Shanghai-ed In Portland
by Dmae Roberts 11/08/2002
HOST: Many cities have underground tunnels long-abandoned and unused. The "Shanghai Tunnels" underneath Portland, Ore., are getting a reputation around the country for its historic and ghostly tours. Producer Dmae Roberts has lived In Portland for 12 years and had heard of the tunnels where sailors where Shanghaied, but didn't know there were tours until she read about it in Parade Magazine. She decided to go on the tour.
Dmae Roberts: I'm a long-time "X-Files" fan, and going into an underground tunnel conjures up images of cold, smelly, skanky sewers filled with monsters ready to jump out and devour your liver -- or something. So, with some dread and anxiety, I venture to old Chinatown in downtown Portland to go underground.
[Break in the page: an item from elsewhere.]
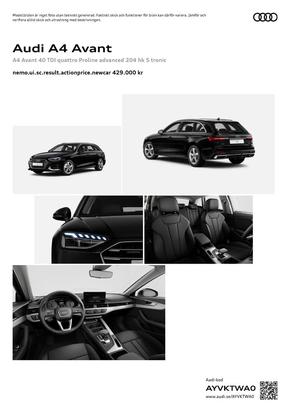 Audi-katalog i Ronneby | Audi A4 Avant | 2024-05-04T00:00:00.000Z - 2025-05-04T00:00:00.000Z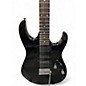 Used Ibanez Gio Ax Trans Black Solid Body Electric Guitar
Hobo's Restaurant, an upscale restaurant with a really full and fantastic looking bar. I order a virgin sea breeze just in time to see a lovely transvestite stroll by. God, I'd kill for those hips. Then, I turn to see middle-aged -- obviously straight -- couples in parkas and sneakers, entering bewildered. A short man with shoulder-length hair starts rounding up people. I assume that's Michael Jones, our tour guide from the Cascades Geographical Society. We're about to find out how men were snatched from saloons and held underground before being thrown on boats to work for free, until they ended up in Shanghai.
(sound: outside street traffic)
A group of seven of us follows Michael outside to hover around a metal door in the sidewalk. Michael opens it up and tells us to walk in.
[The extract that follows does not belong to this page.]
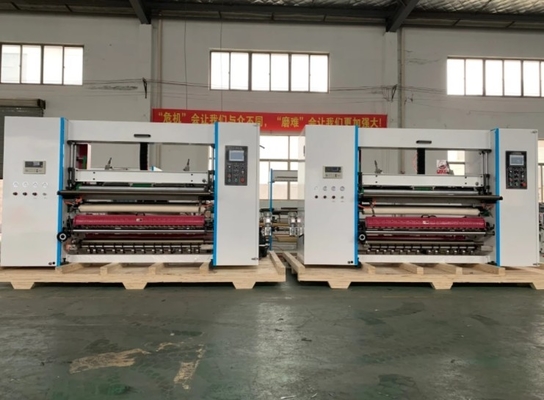 ECOO T-1400C 1400mm không trục ATM nhiệt giấy cuộn slitter Rewinder 1400mm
(sound: clanging of doors opening, walking down stairs)
Everyone decides to let the woman with the mic -- that's me -- walk down the wooden steps first. I'm really wishing my sea breeze had been real. It's dark, but i venture forth, one shaky step at a time.
Michael: "You go right to that curtain and stop."
Woman:"Right to the -- what curtain? OK."
A woman behind me, Mickey, can't see the curtain either. Smells funny down here. More than a dusty basement smell, and moldy, hot -- not cold. I hear water dripping. Could there really be flesh-eating creatures down here? Tour guide Michael closes the doors to the outside world. We are plunged into total blackness.
(sound: door closes)
Michael: "OK, use your flashlights from this point on."
Everyone grabs the flashlights. Michael steers us through a cramped basement of stone, mortar and brick. Overhead, huge wooden beams -- close enough even for five-foot-four me to bump my head.
Michael: "OK, follow me this way."
We walk through a tunnel, skirting around huge pipes. Above us, we hear people walking and talking in Hobo's Restaurant.
Michael: "Now, when we started out 2 years ago, we were crawling through here. Those pipes, which are to the sprinkler system, were laying on rubble. That's all been dug out. And, stay close to the pipe -- it's not as muddy."
Water drips into a bucket, but the ground is still muddy. Claustrophobia starts to set in. God, I hope there aren't any rats or bats in here. I tell myself the tour is only an hour, so keep breathing -- then, Michael tells us to turn off our flashlights! Is he nuts?!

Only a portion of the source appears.